| GOAL OF THE EXERCISE |
Starting with the line that holds "Official queen online", reproduce each line through the last one of the data, exactly as written. Pictures are not copied.

Start of GIVEN ENTRIES

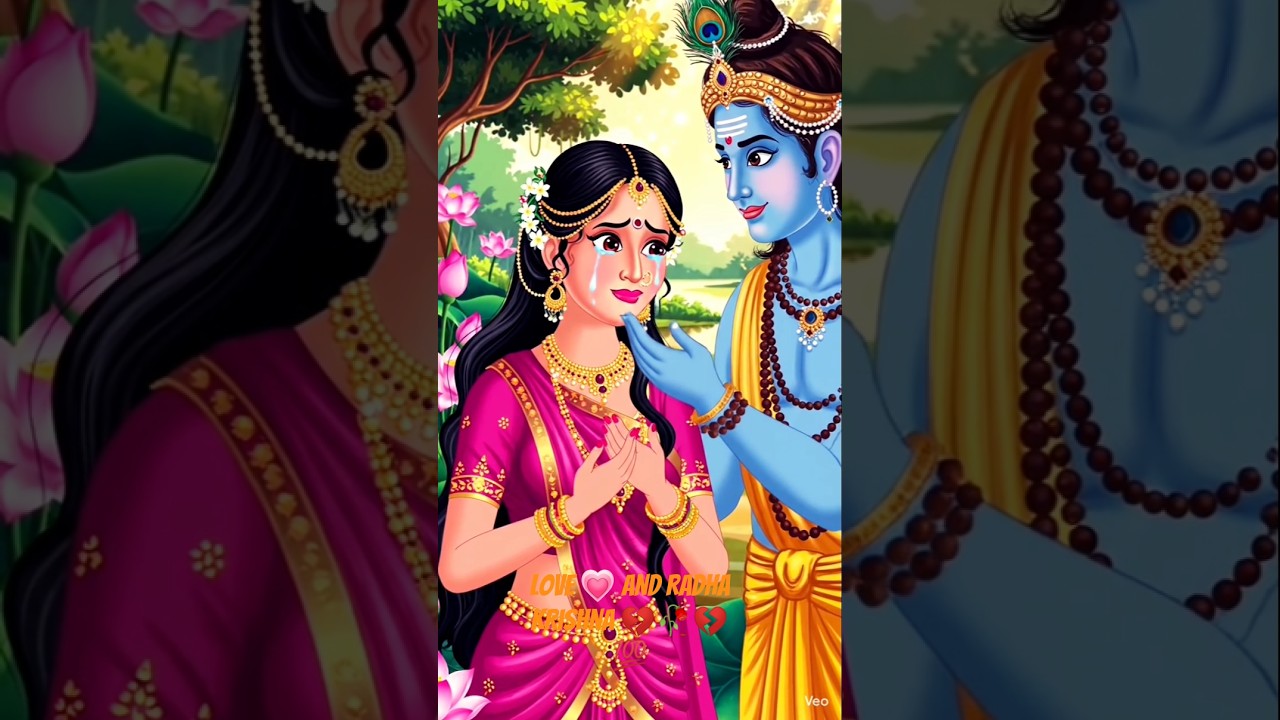 song love story Rocky@refugiomental6032 @Agam_@A̹̔ @antherny@RamsankarNishad-w7i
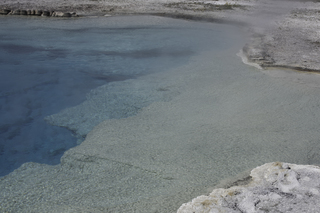 Filename=DSC_1290.jpg
Filesize=18795KiB
Dimensions=7360x4912
Date added=Sep 21, 2019 DSC_1290.jpg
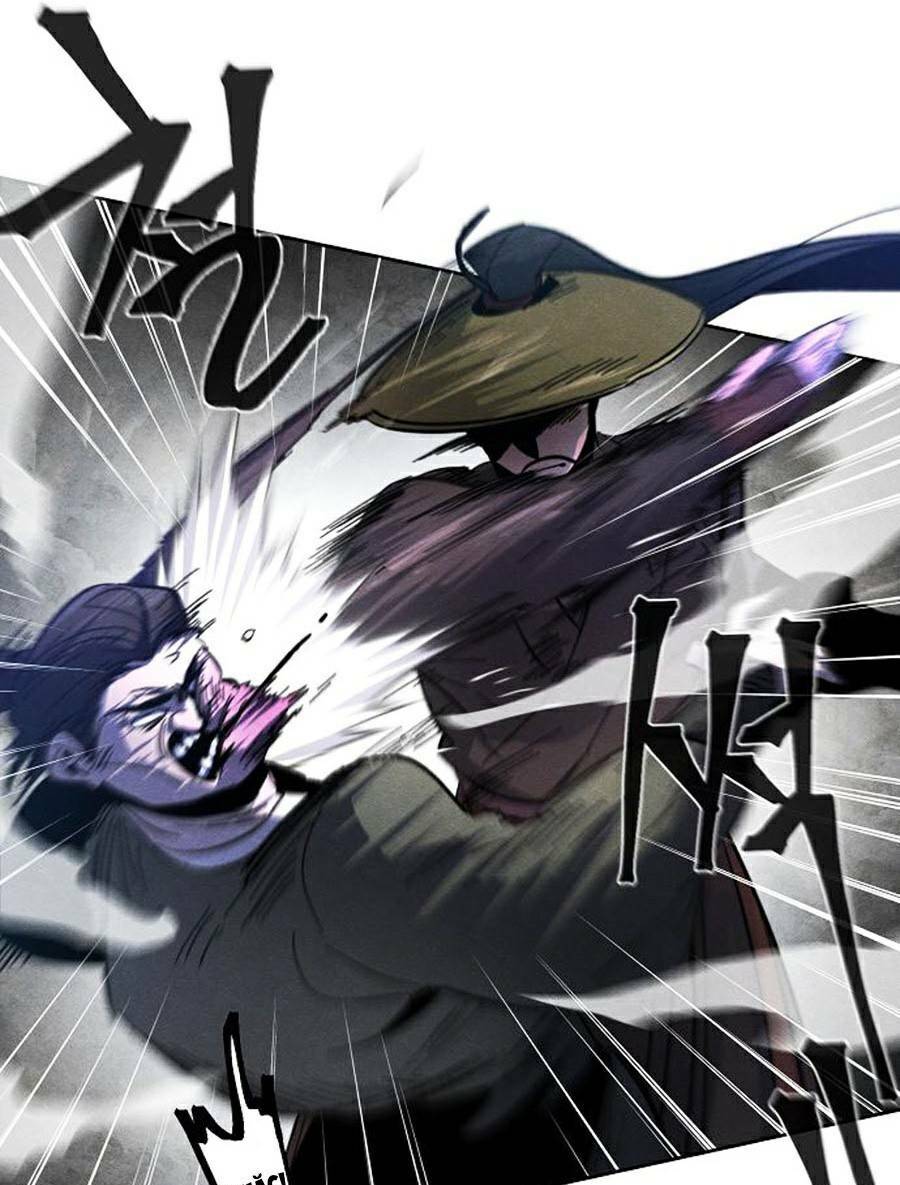 Cuồng Ma Tái Thế Chapter 35 - Trang 2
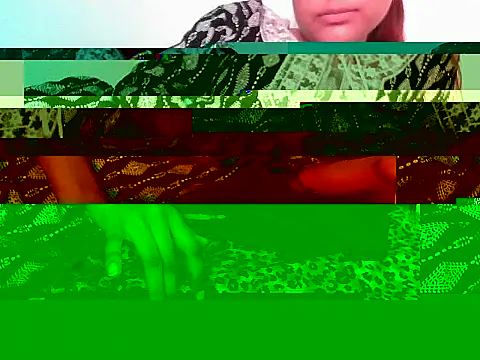 Official queen online show from February 17, 6:02 am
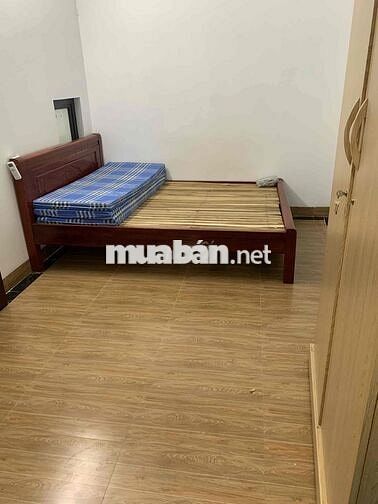 phòng trọ đường phúc lợi long biên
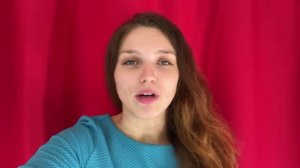 Производитель телевизоров BQ. Где их собирают и производят?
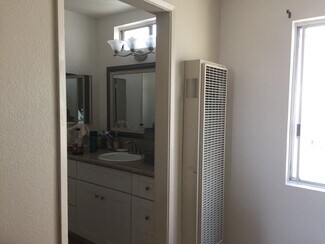 4350 Maple St, San Diego, CA 92105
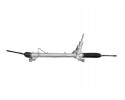 STEERING GEAR FORD C MAX 04 Car type cargo vans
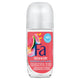 Fa Fiji Dream 48h antyperspirant w kulce o zapachu arbuza i ylang-ylang 50ml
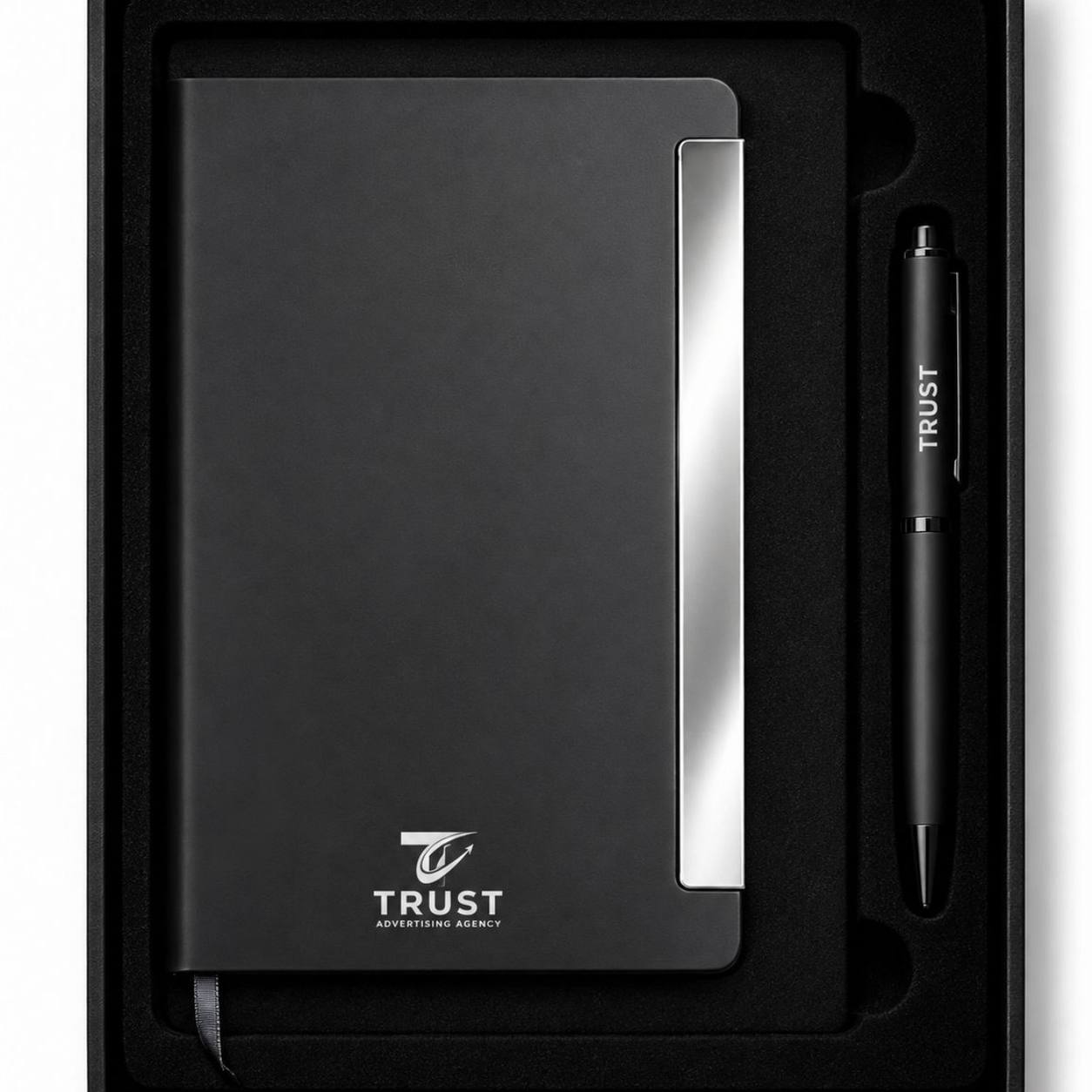 trust_gift_box_4_compressed هدايا دعائية مخصصة للشركات باللوجو | Custom Corporate Giveaways - الصورة 1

End of GIVEN ENTRIES

| ANSWER TO THE EXERCISE |
 Official queen online show from February 17, 6:02 am
 phòng trọ đường phúc lợi long biên
 Производитель телевизоров BQ. Где их собирают и производят?
 4350 Maple St, San Diego, CA 92105
 STEERING GEAR FORD C MAX 04 Car type cargo vans
 Fa Fiji Dream 48h antyperspirant w kulce o zapachu arbuza i ylang-ylang 50ml
 trust_gift_box_4_compressed هدايا دعائية مخصصة للشركات باللوجو | Custom Corporate Giveaways - الصورة 1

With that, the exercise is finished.